GOAL OF THE EXERCISE
A verbatim copy of all the data is required, minus any images.

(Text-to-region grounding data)
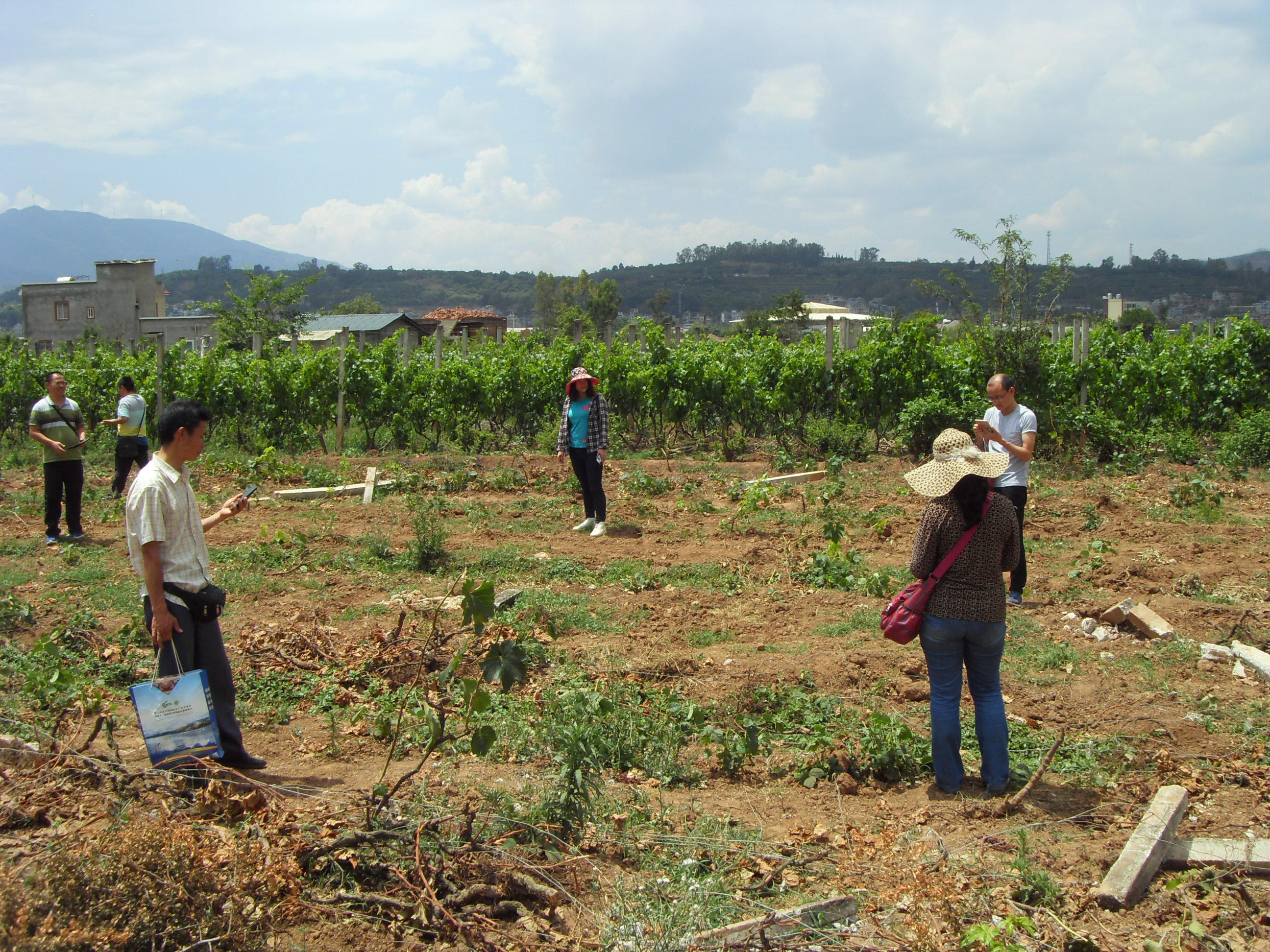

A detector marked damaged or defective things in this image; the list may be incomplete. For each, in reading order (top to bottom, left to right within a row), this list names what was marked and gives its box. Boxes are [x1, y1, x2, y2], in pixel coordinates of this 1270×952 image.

broken concrete block [1097, 599, 1138, 629]
broken concrete block [1127, 604, 1173, 642]
broken concrete block [1234, 644, 1270, 680]
broken concrete block [1092, 787, 1189, 914]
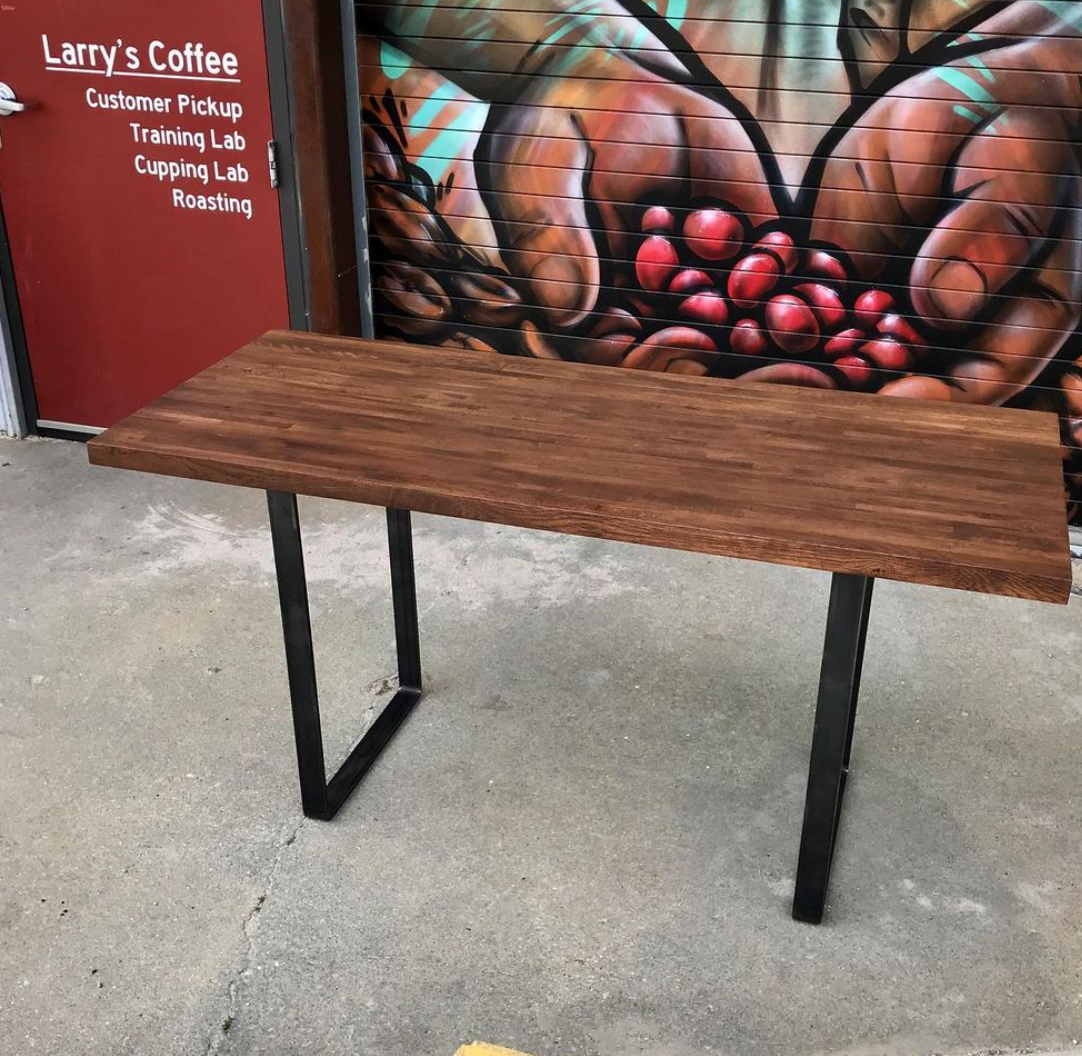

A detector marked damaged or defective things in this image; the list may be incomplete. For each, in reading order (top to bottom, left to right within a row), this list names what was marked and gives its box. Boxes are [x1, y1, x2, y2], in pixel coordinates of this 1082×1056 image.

crack in concrete [203, 817, 307, 1047]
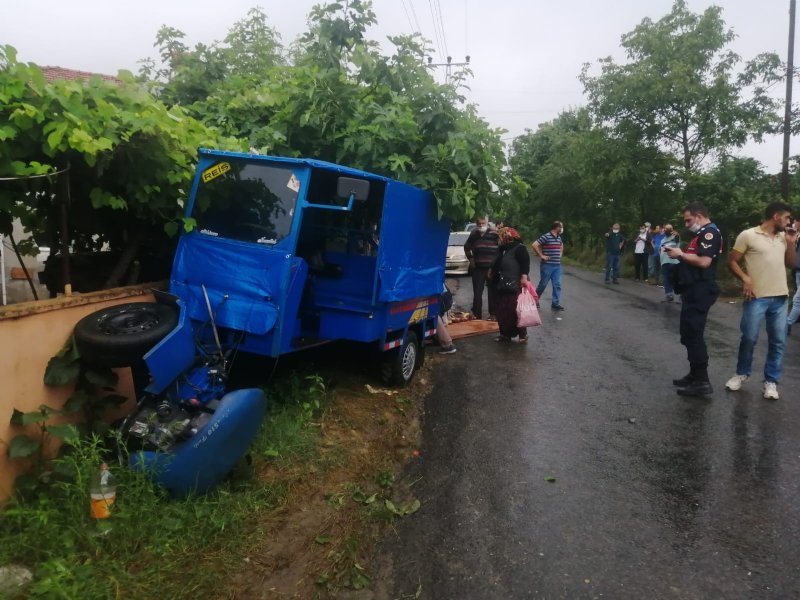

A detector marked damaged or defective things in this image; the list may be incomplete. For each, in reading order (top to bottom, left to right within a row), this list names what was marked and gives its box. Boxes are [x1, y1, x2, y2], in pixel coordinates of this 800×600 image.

detached wheel [74, 302, 179, 368]
detached wheel [380, 330, 418, 386]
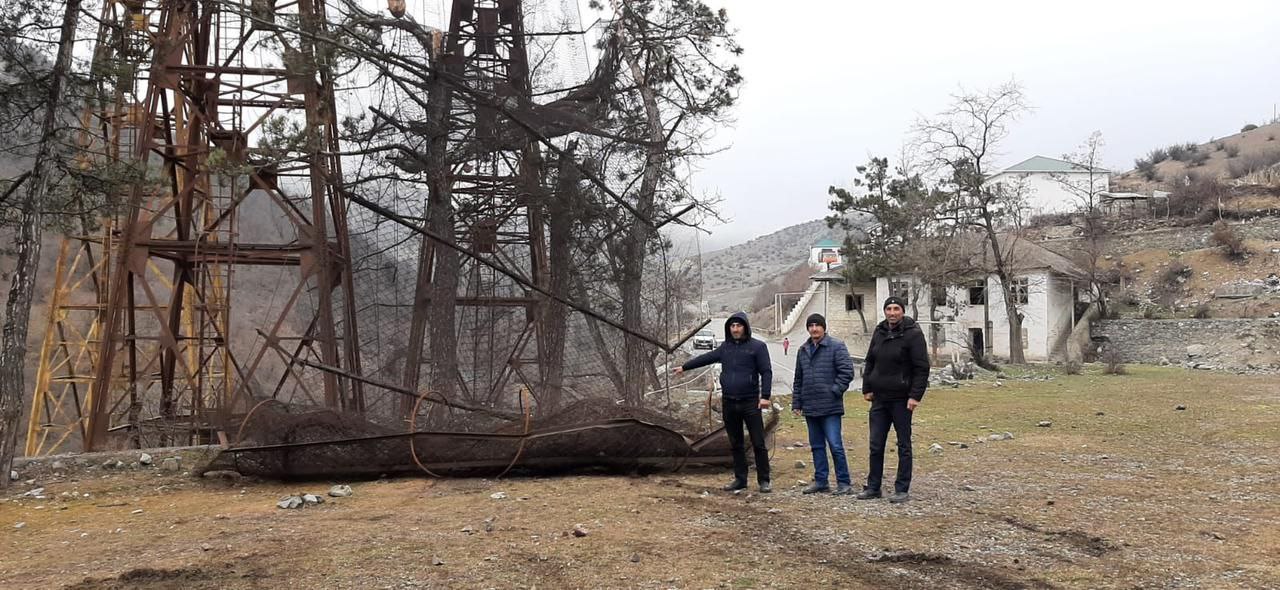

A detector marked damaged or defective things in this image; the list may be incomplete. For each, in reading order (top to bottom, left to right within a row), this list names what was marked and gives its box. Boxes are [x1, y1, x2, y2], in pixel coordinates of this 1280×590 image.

rusty metal lattice tower [28, 0, 360, 453]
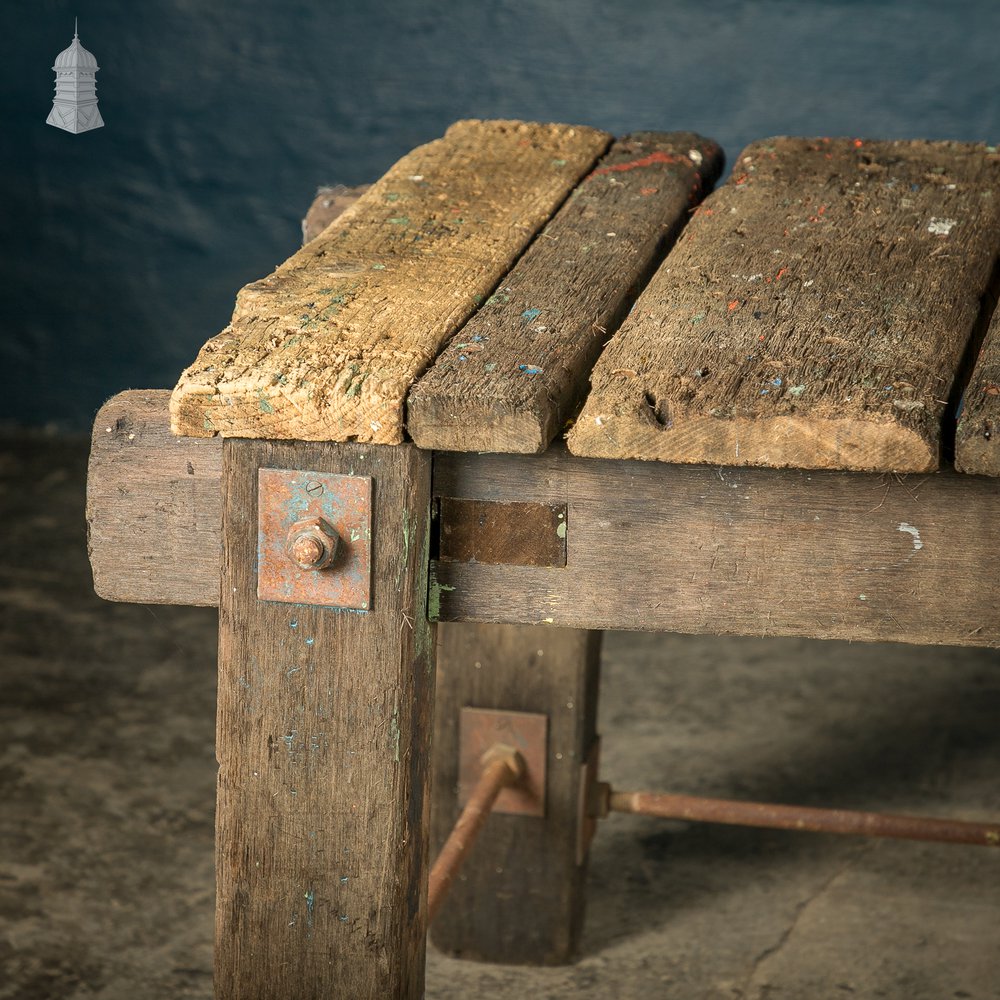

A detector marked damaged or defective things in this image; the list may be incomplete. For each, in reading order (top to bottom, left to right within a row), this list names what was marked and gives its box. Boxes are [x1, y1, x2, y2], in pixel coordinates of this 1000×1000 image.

splintered wood edge [168, 119, 612, 444]
large rusty bolt [286, 516, 340, 572]
rusty square metal plate [256, 468, 374, 608]
rusted metal bracket [256, 468, 374, 608]
rusty threaded rod [428, 744, 528, 920]
rusty square metal plate [458, 708, 548, 816]
rusted metal bracket [458, 708, 548, 816]
rusty threaded rod [600, 792, 1000, 848]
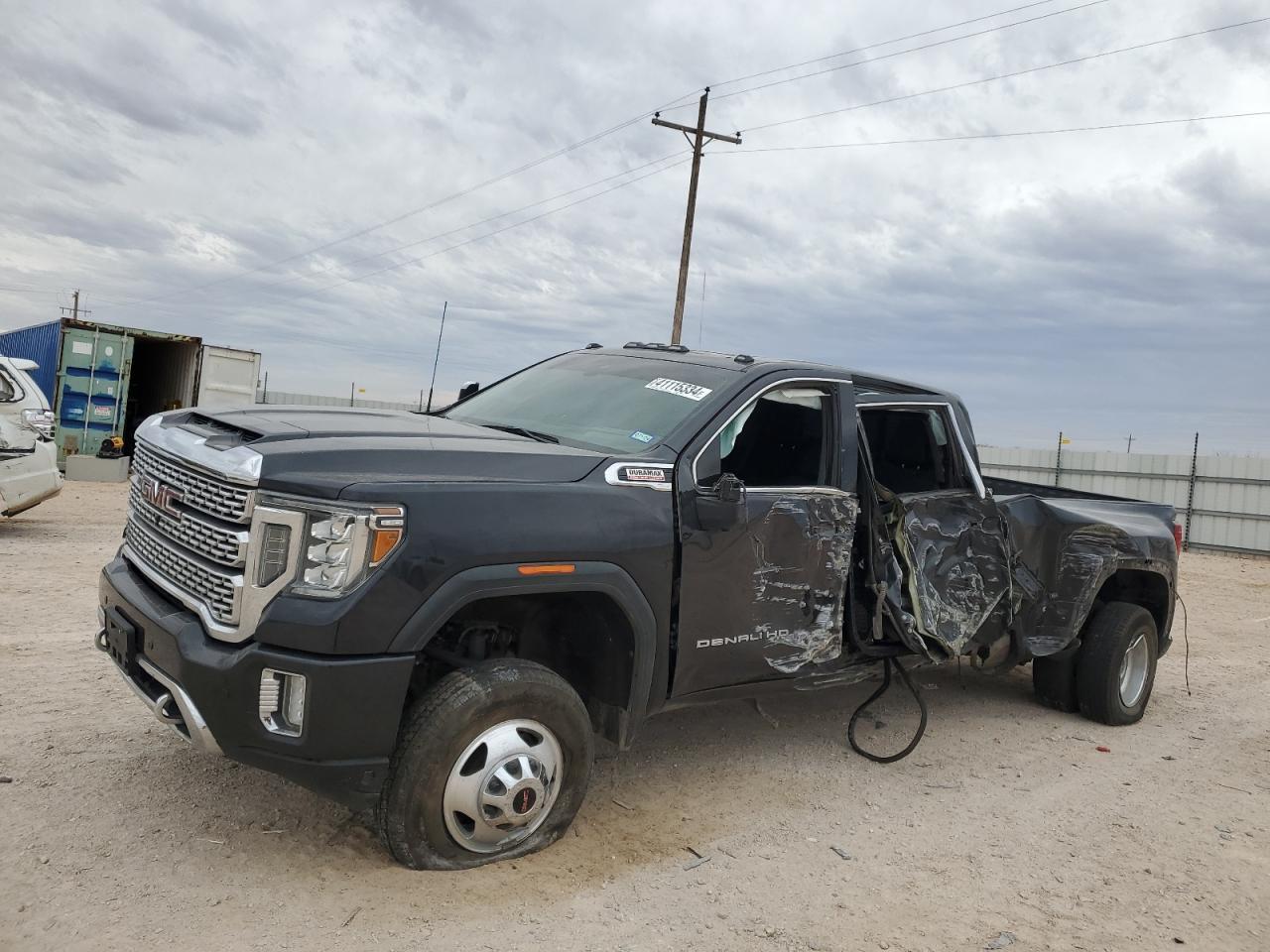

RESPONSE TO THE TASK
A detector marked damaged or defective things in this image; the list may be incomplete. For each, in reading order (top to bottom, left to right within a row), this list names what was marked and gives its box. Boxes are [x1, y1, x2, y2], in pixel coordinates of this 1270×952 image.

broken concrete block [1097, 599, 1138, 629]
broken concrete block [1127, 604, 1173, 642]
broken concrete block [1234, 644, 1270, 680]
broken concrete block [1092, 787, 1189, 914]

A detector marked damaged or defective things in this image; the list may be incomplete. For each, in reading order (top to bottom, left to right within a row), this list names what was marked and gives its box. Boxes are [x1, y1, x2, y2], in pixel coordinates of this 1082×1056 image.

crack in concrete [203, 817, 307, 1047]

A detector marked damaged or defective things in this image; the list may be incomplete. For each, in reading order (top to bottom, left to right within a row), this list names what was marked and gives its box. Boxes are [x1, y1, x2, y2], in pixel coordinates of this 800×600 image.

detached wheel [74, 302, 179, 368]
detached wheel [380, 330, 418, 386]

A detector marked damaged or defective things in this image; the list may be incomplete. For each, in reading order (top to bottom, left to right within a row), this list names what was marked and gives its box. Boxes are [x1, y1, x2, y2], in pixel coordinates of this 1280×590 image.

rusty metal lattice tower [28, 0, 360, 453]

A detector marked damaged or defective things in this image; the list may be incomplete. For each, in reading order (top to bottom, left to right within a row), this list names what was marked and gives its box. Boxes are [x1, y1, x2, y2], in pixel coordinates of this 1000×1000 image.

splintered wood edge [168, 119, 612, 444]
large rusty bolt [286, 516, 340, 572]
rusty square metal plate [256, 468, 374, 608]
rusted metal bracket [256, 468, 374, 608]
rusty threaded rod [428, 744, 528, 920]
rusty square metal plate [458, 708, 548, 816]
rusted metal bracket [458, 708, 548, 816]
rusty threaded rod [600, 792, 1000, 848]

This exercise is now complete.